No.217, December 2024
Contents
High-performance Computing
AlphaFold3 available on Raven
Recently, Google DeepMind released the source code of AlphaFold3, shortly after Demis Hassabis and John Jumper from the same company had received half of the Nobel Prize in Chemistry 2024 for the development of AlphaFold2. AlphaFold3 extends the capabilities of AlphaFold2 by enabling predictions of interactions of biomolecules in addition to inferring their structure.
AlphaFold3 is now available on Raven, complementing installations of AlphaFold2
that have been provided and regularly updated since summer 2021. To get
started, execute the command module help alphafold/3.0.0
on Raven and follow
the instructions.
An important difference to AlphaFold2 is that the AI model behind AlphaFold3 is not publicly available. Users must register with Google DeepMind and download their personal copy after approval. By default, for the software installation provided by MPCDF, the weights file ‘af3.bin’ has to be placed into the home directory at ‘~/alphafold_3_0_0/model/’. It is the responsibility of the user to comply with the terms of use of the AI model.

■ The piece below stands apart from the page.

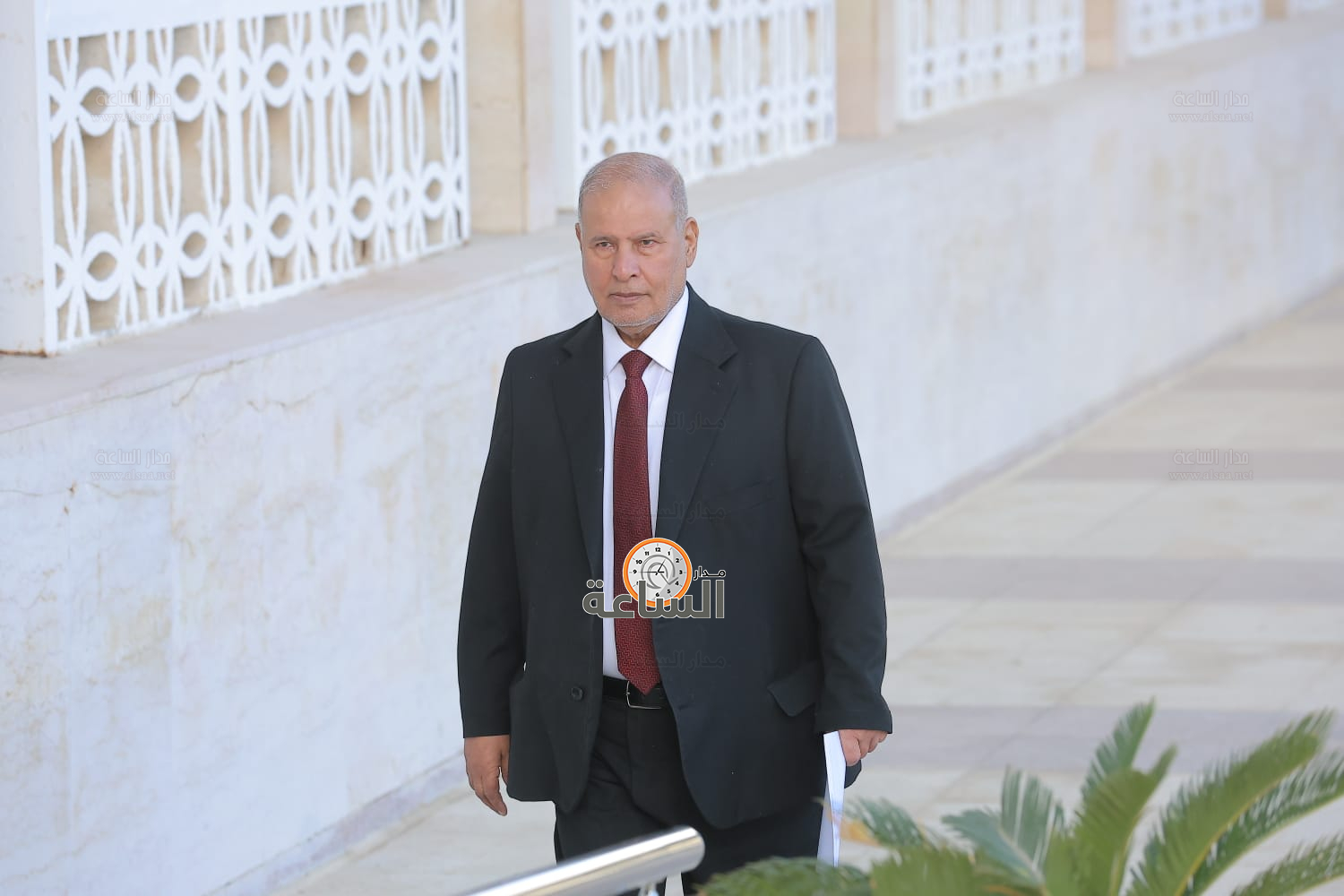 Madar Al-Saa Images 0.9627415079047599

The MPCDF is interested in getting feedback from users on the usability and performance of AlphaFold3 on the A100 GPUs of Raven. The memory requirements of AlphaFold3 are higher than those of AlphaFold2, and therefore out-of-memory conditions are more likely to happen. The scripts provided by our installation try to mitigate this situation by enabling CUDA unified memory for the inference step, logically extending the GPU memory with host memory.
Klaus Reuter
Resource limits on the HPC machines
In order to maintain the responsiveness of the login nodes on the HPC machines, per-user resource limits were introduced on Raven and also on Viper earlier this year. The per-user limit is currently two cores on raven01/02 and viper01/02 and 6 cores on raven03/04 and viper03/04, respectively. A hard memory limit is also enforced, which is 10% of the available memory on the first two login nodes of Raven and 50% of the available memory for the login nodes 3 and 4 of Raven and all login nodes of Viper. The following table summarizes these limits.

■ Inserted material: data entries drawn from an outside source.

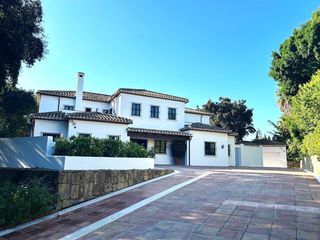 Maison à Sotogrande Alto. Hermosa villa independiente, con muchas características tradicio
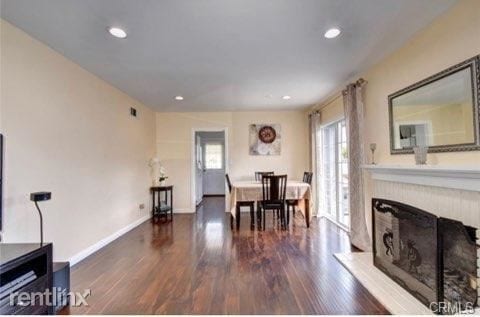 3 br, 2 bath House - 1440 E Willow St - 3 br, 2 bath House - 1440 E Willow St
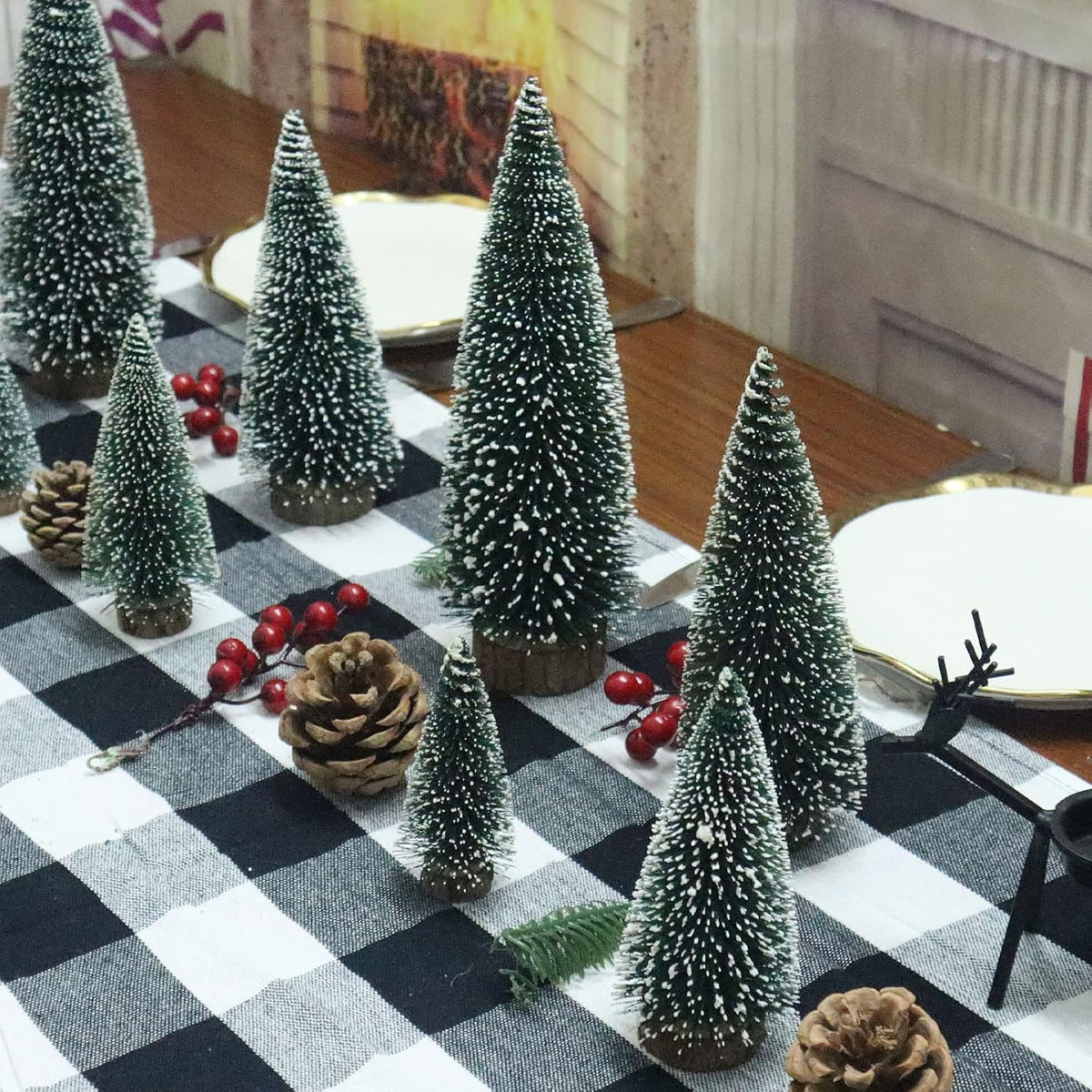 Small Christmas Tree,Mini Christmas Tree, Mini Pine Tree, Bottle Brush Fake Trees with Wooden Base for Tabletop Decorative (Plant Green)
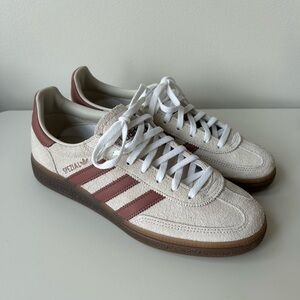 Women’s adidas handball spezial. Warm clay/ cloud white.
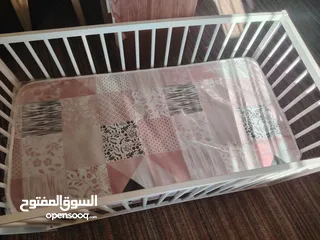  2 سرير اطفال baby مع فرشة وكفر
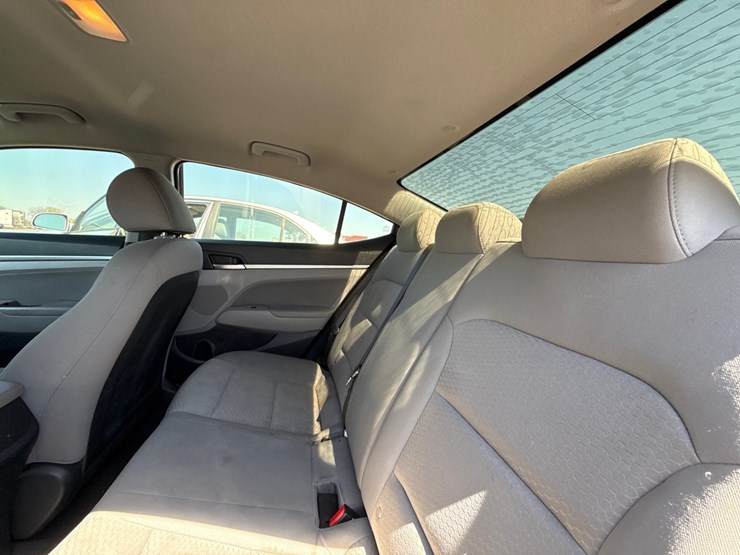 #42717-•-2019-hyundai-elantra-sedan-kmhd84lf4ku743043-inv#-42717-image-18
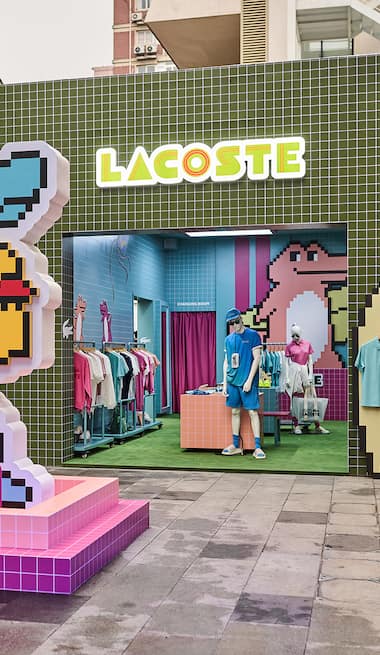 Devanture du pop-up store Lacoste à Shanghai pour la collection "Summer Attitude".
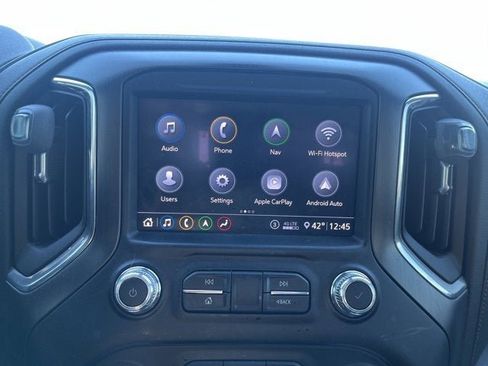 Used 2020 GMC Sierra 2500 AT4 w/ AT4 Premium Package image 12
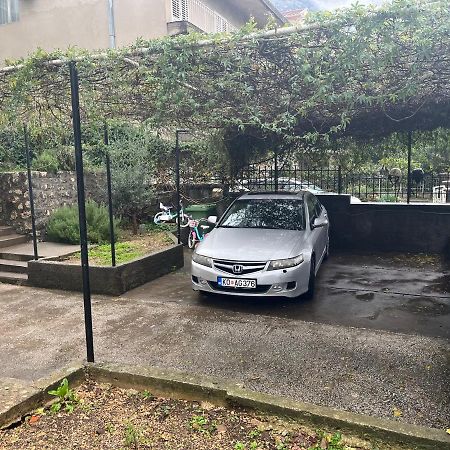 Apartment Kiwi Kotor Eksteriør billede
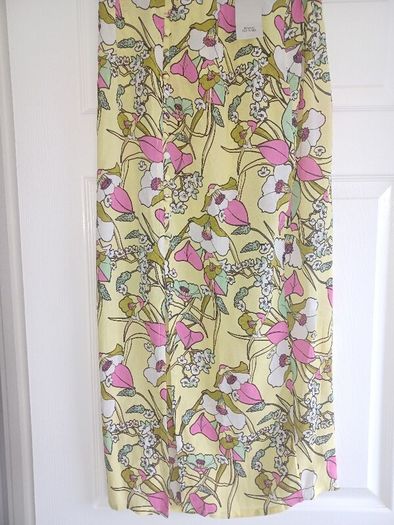 River Island Skirt Size 10 bnwt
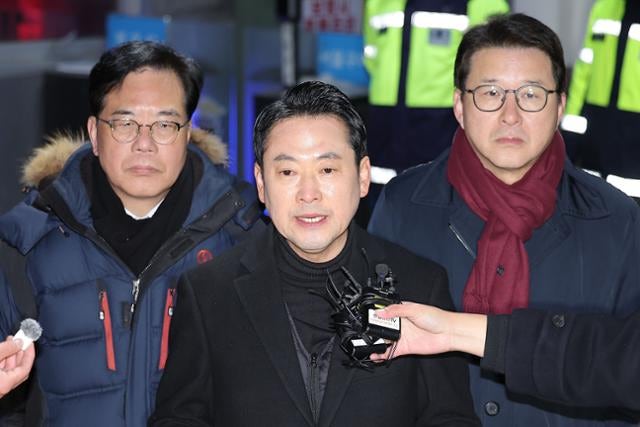 "계엄은 의회 폭거 탓"... 끝내 사과 거부한 장동혁, 강성 지지층만 챙겼다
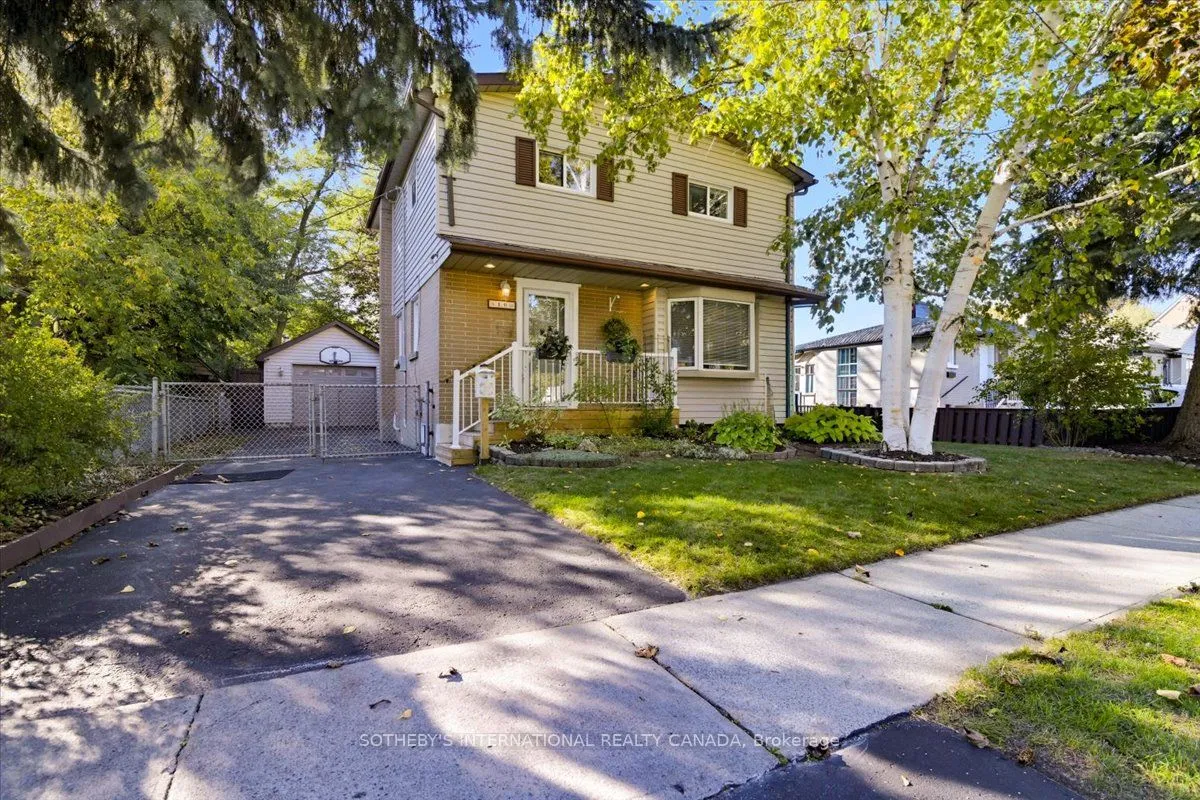 10 Roosevelt Avenue, ON L1S 2L2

raven01/02 | raven03/04 | viper01/02 | viper03/04 | |
---|---|---|---|---|
cores | 2 | 6 | 2 | 6 |
memory | 50 GB | 256 GB | 256 GB | 256 GB |
As a consequence, this limits running multi-threaded or distributed jobs (which is the intention), but it may also affect
the (parallel) performance of the build procedures of large HPC codes. Usually the builds are done in parallel with the build system spawning threads (make -j
or
cmake --build . --parallel
are typical examples). The number of threads spawned should be limited in the build procedure to the number of
cores available (2 or 6) by passing this number to the build command
(make -j 6
or cmake --parallel 6
).
It is important to note that these resource limits also apply to CI jobs executed by a GitLab runner which has been launched by the user on the login nodes. Hence, also such runners should take the above mentioned resource limits into account when launching parallel builds, otherwise the build jobs may slow down significantly.

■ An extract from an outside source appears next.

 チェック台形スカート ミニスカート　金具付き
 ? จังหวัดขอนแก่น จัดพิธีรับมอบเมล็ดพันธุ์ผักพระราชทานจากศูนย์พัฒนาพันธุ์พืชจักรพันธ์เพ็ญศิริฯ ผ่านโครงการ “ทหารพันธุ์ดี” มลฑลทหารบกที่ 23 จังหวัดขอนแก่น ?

There are the following options to increase the build performance for such CI jobs:
Move your GitLab runners which use local builds from raven01/02 and viper01/02 to raven03/04 and viper03/04 and restrict the build procedure’s parallelism to 6.
You can keep your runners on the first two Raven nodes, but submit the build job into the “interactive” queue via the Slurm system. There you can use up to 8 cores for your job and hence use 8 threads for the build procedure.
salloc --partition=interactive -n 1 --cpus-per-task=8 --time=00:20:00 --mem=32G srun <build command>
Change your build tests to use the shared runners of our GitLab instance.
Tilman Dannert
HPC monitoring on Viper
The MPCDF is running a comprehensive performance monitoring system on the HPC systems that allows support staff as well as users to check on a plethora of performance metrics of compute jobs. Recently, the system was deployed to the Viper supercomputer. Unlike Raven and previous HPC systems, Viper features AMD EPYC Genoa CPUs with Zen4 cores that have somewhat less-capable Performance Monitoring Units (PMUs). For instance, while on Intel-based CPUs, GFLOP rates can be obtained individually for each precision and vector width, only total GFLOP rates independent of the precision can be measured on the AMD Zen4 processors. Similarly, the support for uncore events such as the memory bandwidth is still limited, but expected to continuously improve with more recent kernel versions. Users can access their performance data under these limitations. We’re working on improving the support for the Viper system over time.
Klaus Reuter
Routine transition to a new set of CI module images in 2025
Since late 2023 the MPCDF has been providing Docker images with software stacks that are installed in an essentially identical fashion on the HPC systems, enabling users to test their software consistently with various compiler and library toolchains on the GitLab shared CI runners. Interested readers can find the full announcement in Bits & Bytes No. 214, December 2023.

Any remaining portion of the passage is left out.